Global Financial Literacy: The Haves and Have-Nots

A new survey by the S&P organization—the S&P Global FinLit Survey—measured financial literacy across a wide spectrum of countries around the world. More than 150,000 randomly selected individuals in 140 countries were asked to answer five multiple-choice questions regarding investment diversification, the ability of income to stay on par with spending (or vice versa), interest payments and compounding investment returns. If individuals could correctly answer three out of the five questions, they were deemed to be financially literate.

So how did we do? Only 57% of the Americans surveyed were able to correctly answer three out of the five questions. That puts the U.S. in the upper echelon of nations overall, ranking number 14 behind Finland (#10), Australia (#9), Germany (#8), the Netherlands (#7), the UK (#6), Canada (#5), Israel (#4) and the three top-scoring countries: Sweden, Denmark and Norway—all Scandinavian, which probably means they cheat by actually including financial literacy in their regulator educational curriculum.

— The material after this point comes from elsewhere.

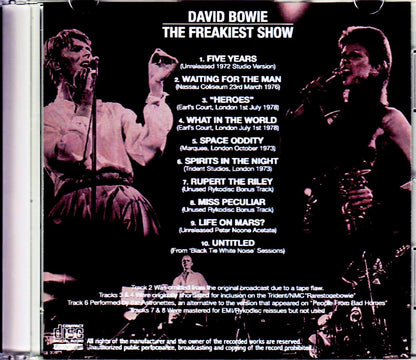 David Bowie/Rare Soundboard Tracks Compilation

Not surprisingly, poorer countries tended to be less financially literate, and the survey found wide discrepancies between adults living in the richest 60% of households in each country vs. those in the poorest 40%. For instance, the U.S. saw a disparity of 64% literate (wealthiest households) vs. 47% (poorest). The conclusion: financial ignorance can carry an invisible lifetime cost.

Does that mean that U.S. policymakers will add a financial literacy curriculum to our nation’s high schools, as a way to increase the prosperity of our overall society? Let’s not hold our breath.